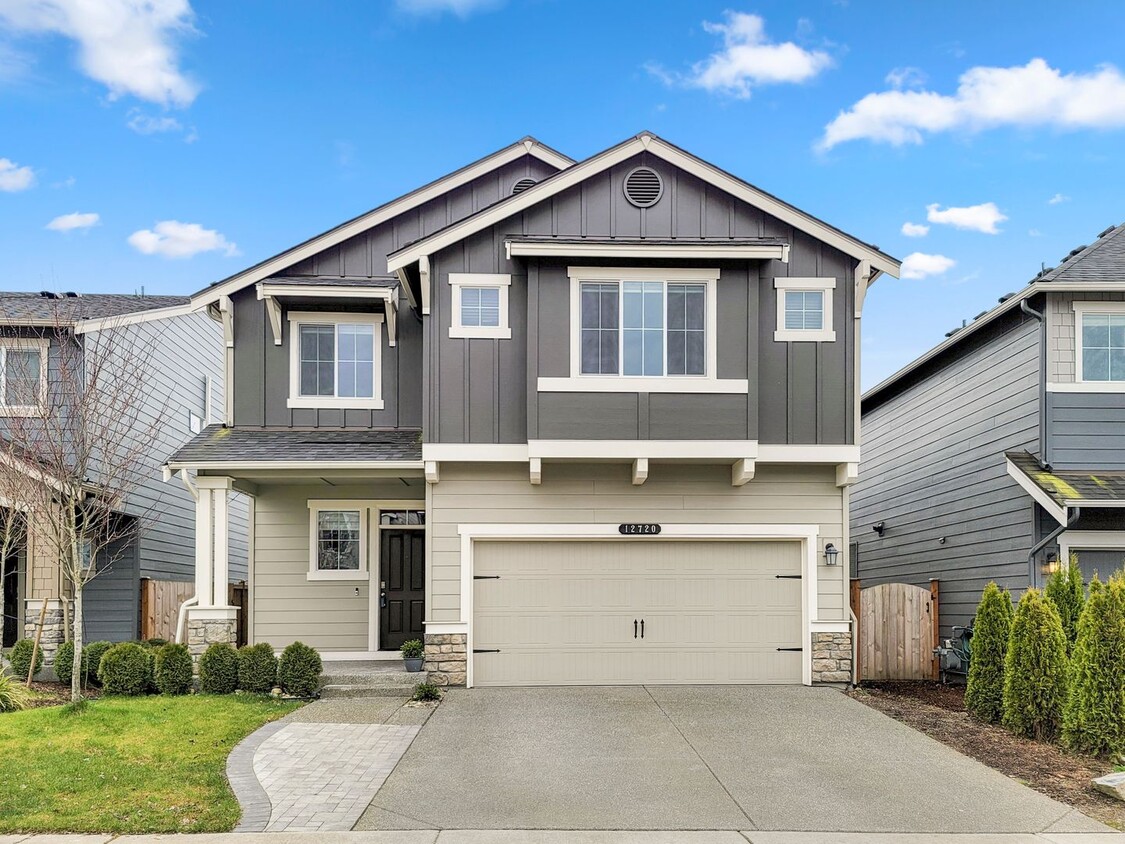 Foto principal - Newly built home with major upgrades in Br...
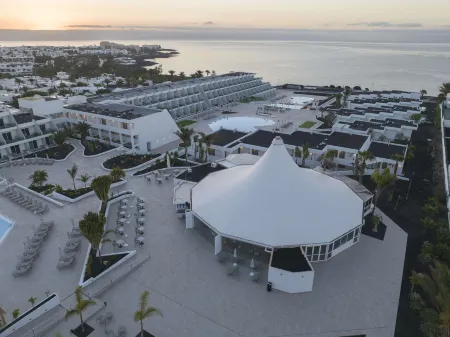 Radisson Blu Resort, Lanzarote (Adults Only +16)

# # #

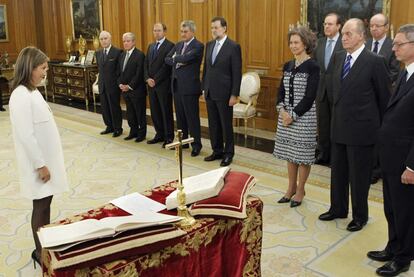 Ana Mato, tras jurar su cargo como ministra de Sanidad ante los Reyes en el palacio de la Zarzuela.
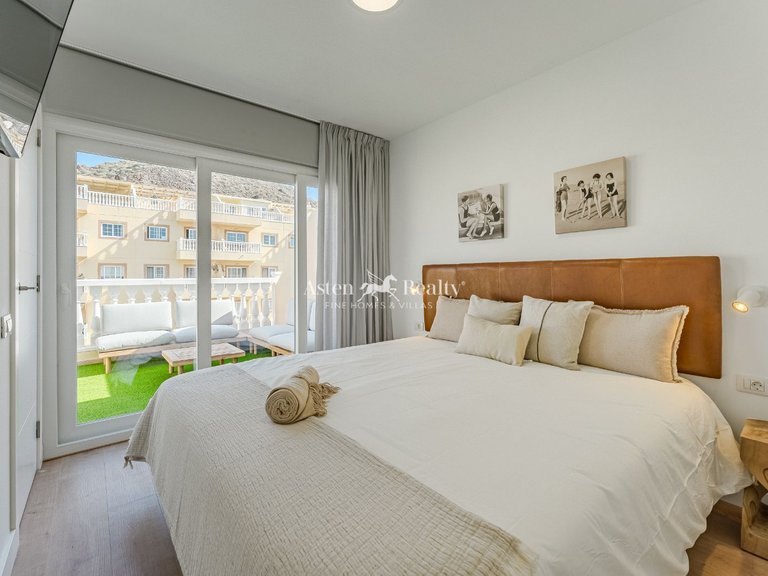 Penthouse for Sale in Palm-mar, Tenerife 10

# # #

Problem to work on = In the data above, retype only the stretch from the line with "Foto principal - Newly" through the line with "Radisson Blu Resort, Lanzarote", word for word, and skip any pictures.

Exercise result =
 Foto principal - Newly built home with major upgrades in Br...
 Radisson Blu Resort, Lanzarote (Adults Only +16)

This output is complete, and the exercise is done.